Return each of the entries below precisely, with no pictures in the result.

[Captioned web image data]
[Start of Attachment]

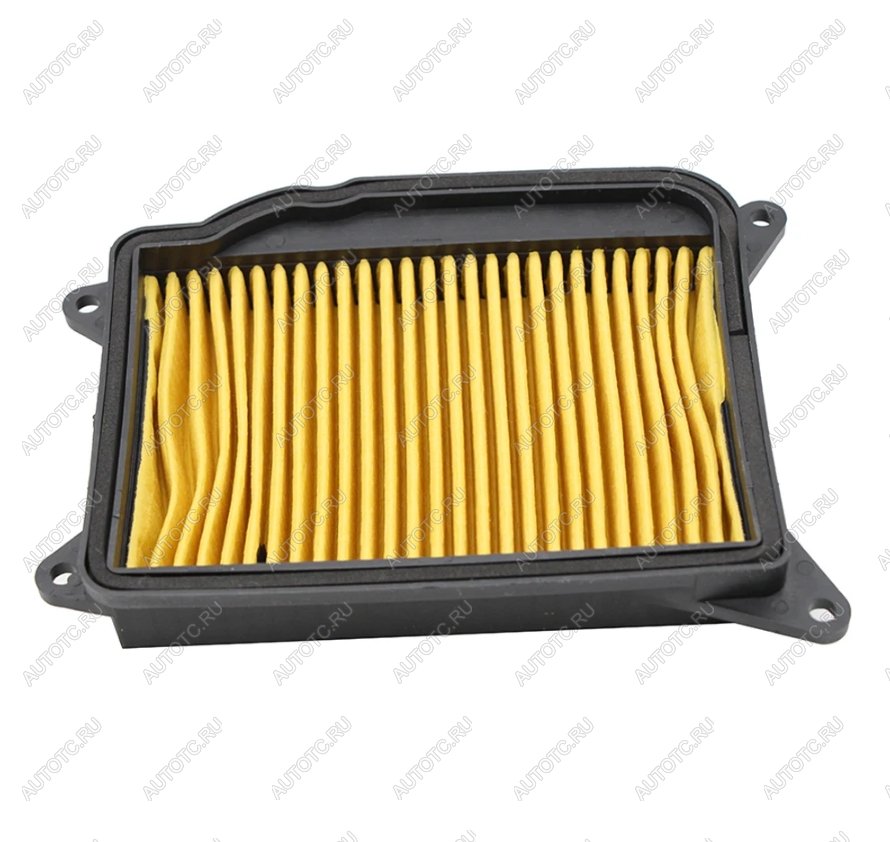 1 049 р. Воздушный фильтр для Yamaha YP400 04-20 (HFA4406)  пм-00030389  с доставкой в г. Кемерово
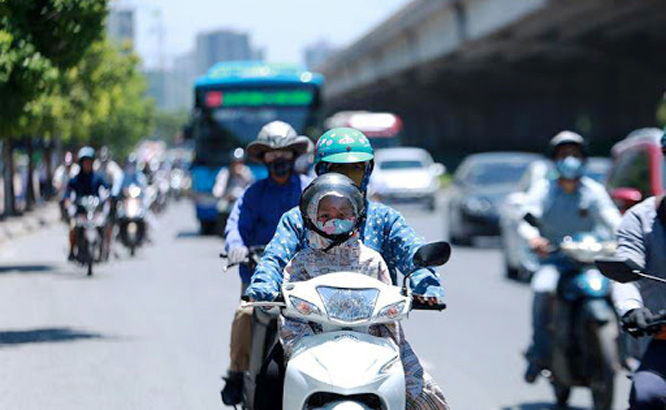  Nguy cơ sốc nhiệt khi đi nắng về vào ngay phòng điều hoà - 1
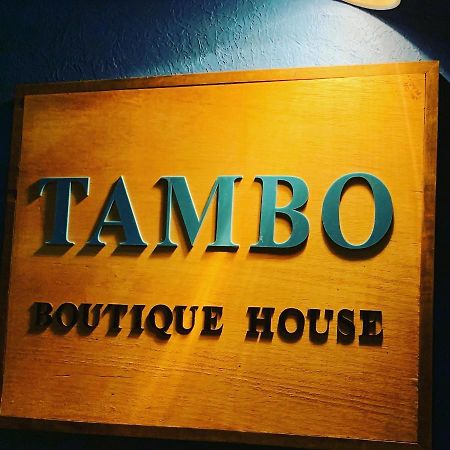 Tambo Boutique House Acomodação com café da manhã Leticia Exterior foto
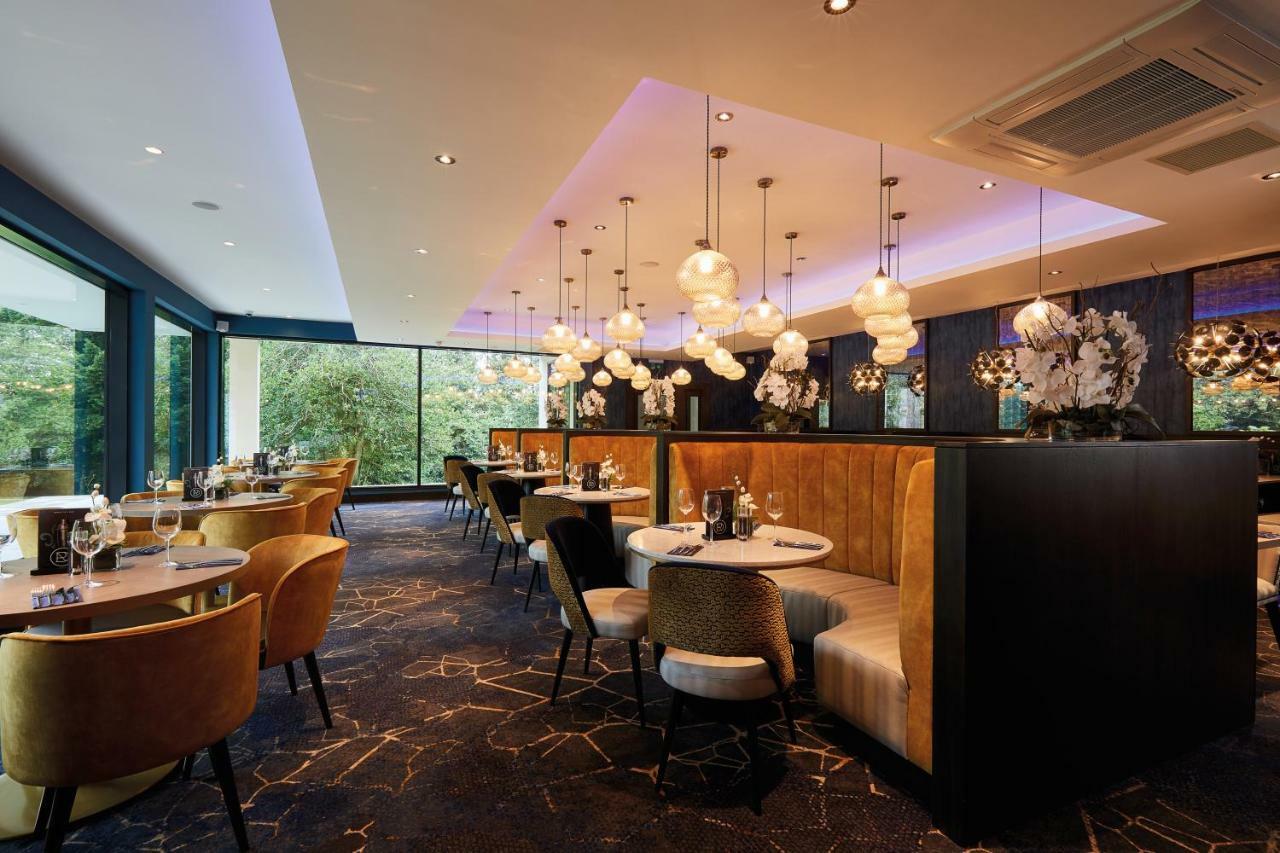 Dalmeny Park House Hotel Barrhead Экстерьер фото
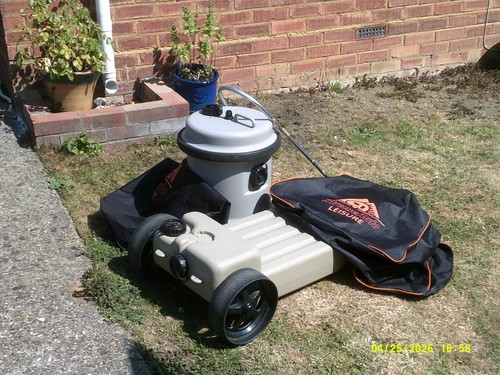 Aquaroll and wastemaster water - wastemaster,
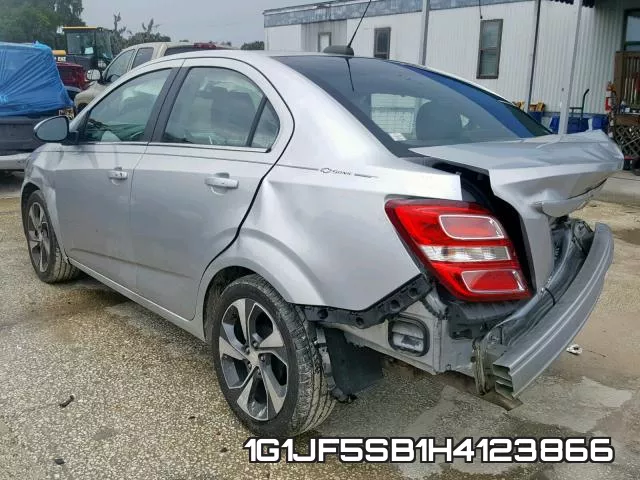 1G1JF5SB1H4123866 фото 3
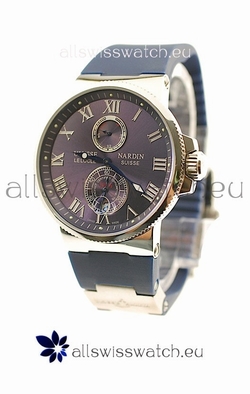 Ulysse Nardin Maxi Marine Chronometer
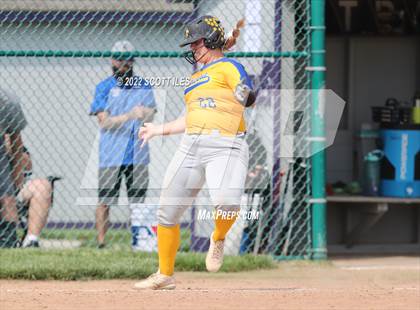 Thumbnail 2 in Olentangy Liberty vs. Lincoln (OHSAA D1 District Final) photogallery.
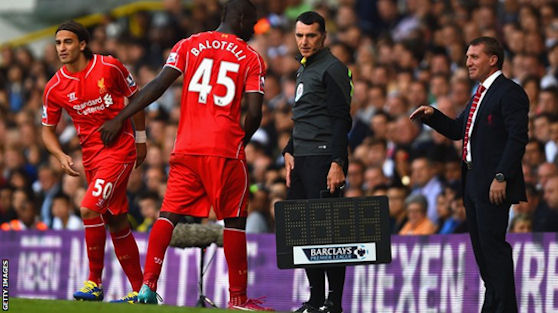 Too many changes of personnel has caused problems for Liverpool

[End of Attachment]

**ANSWER BELOW**
 1 049 р. Воздушный фильтр для Yamaha YP400 04-20 (HFA4406)  пм-00030389  с доставкой в г. Кемерово
  Nguy cơ sốc nhiệt khi đi nắng về vào ngay phòng điều hoà - 1
 Tambo Boutique House Acomodação com café da manhã Leticia Exterior foto
 Dalmeny Park House Hotel Barrhead Экстерьер фото
 Aquaroll and wastemaster water - wastemaster,
 1G1JF5SB1H4123866 фото 3
 Ulysse Nardin Maxi Marine Chronometer
 Thumbnail 2 in Olentangy Liberty vs. Lincoln (OHSAA D1 District Final) photogallery.
 Too many changes of personnel has caused problems for Liverpool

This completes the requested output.